Exercise instructions:
Among the entries below, find every line that contains the string "front", then copy it.

Supplied material:

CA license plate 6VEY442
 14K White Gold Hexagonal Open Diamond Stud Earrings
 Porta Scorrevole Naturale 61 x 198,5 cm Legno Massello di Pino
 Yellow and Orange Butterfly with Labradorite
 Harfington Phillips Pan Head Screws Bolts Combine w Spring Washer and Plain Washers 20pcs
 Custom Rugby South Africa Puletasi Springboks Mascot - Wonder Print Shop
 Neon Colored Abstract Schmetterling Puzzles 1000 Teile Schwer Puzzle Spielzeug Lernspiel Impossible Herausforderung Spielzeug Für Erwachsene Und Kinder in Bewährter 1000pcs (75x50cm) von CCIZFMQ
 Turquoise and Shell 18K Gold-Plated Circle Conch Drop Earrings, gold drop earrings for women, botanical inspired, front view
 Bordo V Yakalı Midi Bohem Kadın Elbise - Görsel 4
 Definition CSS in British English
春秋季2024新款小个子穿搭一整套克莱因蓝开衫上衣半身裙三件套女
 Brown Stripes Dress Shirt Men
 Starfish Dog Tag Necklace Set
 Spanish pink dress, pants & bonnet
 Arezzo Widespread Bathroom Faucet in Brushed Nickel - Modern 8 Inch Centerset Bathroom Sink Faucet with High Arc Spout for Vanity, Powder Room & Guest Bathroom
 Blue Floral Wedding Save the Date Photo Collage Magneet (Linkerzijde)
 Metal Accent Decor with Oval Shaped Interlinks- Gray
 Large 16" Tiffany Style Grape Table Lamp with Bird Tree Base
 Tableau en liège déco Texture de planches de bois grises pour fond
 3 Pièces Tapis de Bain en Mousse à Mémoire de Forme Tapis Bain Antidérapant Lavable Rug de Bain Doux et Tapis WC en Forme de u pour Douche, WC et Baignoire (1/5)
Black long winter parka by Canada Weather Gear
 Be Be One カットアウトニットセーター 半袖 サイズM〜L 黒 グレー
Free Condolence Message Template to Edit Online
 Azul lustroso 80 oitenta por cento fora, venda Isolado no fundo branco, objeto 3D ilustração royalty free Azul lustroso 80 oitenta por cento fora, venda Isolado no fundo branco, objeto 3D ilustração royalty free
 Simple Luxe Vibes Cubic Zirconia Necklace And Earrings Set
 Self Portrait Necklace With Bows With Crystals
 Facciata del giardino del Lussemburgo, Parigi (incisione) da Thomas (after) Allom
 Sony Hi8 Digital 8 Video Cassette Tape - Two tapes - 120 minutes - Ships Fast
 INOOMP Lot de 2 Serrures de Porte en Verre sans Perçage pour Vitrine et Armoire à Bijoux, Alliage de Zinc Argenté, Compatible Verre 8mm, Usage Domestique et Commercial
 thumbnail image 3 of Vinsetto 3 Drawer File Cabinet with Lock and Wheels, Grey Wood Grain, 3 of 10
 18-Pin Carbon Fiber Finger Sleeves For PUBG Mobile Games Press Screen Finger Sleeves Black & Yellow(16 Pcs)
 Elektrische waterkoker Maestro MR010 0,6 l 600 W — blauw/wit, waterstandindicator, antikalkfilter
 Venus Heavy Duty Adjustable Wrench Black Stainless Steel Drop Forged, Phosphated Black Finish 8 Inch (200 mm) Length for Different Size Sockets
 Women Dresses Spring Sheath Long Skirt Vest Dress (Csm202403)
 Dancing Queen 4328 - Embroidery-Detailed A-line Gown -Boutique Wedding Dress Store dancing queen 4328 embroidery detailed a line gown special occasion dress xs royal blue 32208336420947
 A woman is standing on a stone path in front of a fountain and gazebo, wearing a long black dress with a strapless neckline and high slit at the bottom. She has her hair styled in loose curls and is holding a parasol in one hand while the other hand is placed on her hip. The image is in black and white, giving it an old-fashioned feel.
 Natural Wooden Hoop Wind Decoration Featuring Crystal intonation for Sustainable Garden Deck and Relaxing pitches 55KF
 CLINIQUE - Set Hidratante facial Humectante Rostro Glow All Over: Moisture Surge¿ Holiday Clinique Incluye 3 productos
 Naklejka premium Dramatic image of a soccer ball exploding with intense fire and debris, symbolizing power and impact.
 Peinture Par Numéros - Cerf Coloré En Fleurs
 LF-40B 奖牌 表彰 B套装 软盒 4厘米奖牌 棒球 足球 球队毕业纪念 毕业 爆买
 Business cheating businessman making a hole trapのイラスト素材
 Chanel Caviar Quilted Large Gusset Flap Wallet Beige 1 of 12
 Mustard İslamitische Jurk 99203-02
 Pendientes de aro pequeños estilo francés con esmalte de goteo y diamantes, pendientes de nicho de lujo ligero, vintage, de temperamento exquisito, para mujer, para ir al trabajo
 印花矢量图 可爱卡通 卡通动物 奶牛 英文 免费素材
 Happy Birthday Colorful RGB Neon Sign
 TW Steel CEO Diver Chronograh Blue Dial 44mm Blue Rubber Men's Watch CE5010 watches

Written response:
 Turquoise and Shell 18K Gold-Plated Circle Conch Drop Earrings, gold drop earrings for women, botanical inspired, front view
 A woman is standing on a stone path in front of a fountain and gazebo, wearing a long black dress with a strapless neckline and high slit at the bottom. She has her hair styled in loose curls and is holding a parasol in one hand while the other hand is placed on her hip. The image is in black and white, giving it an old-fashioned feel.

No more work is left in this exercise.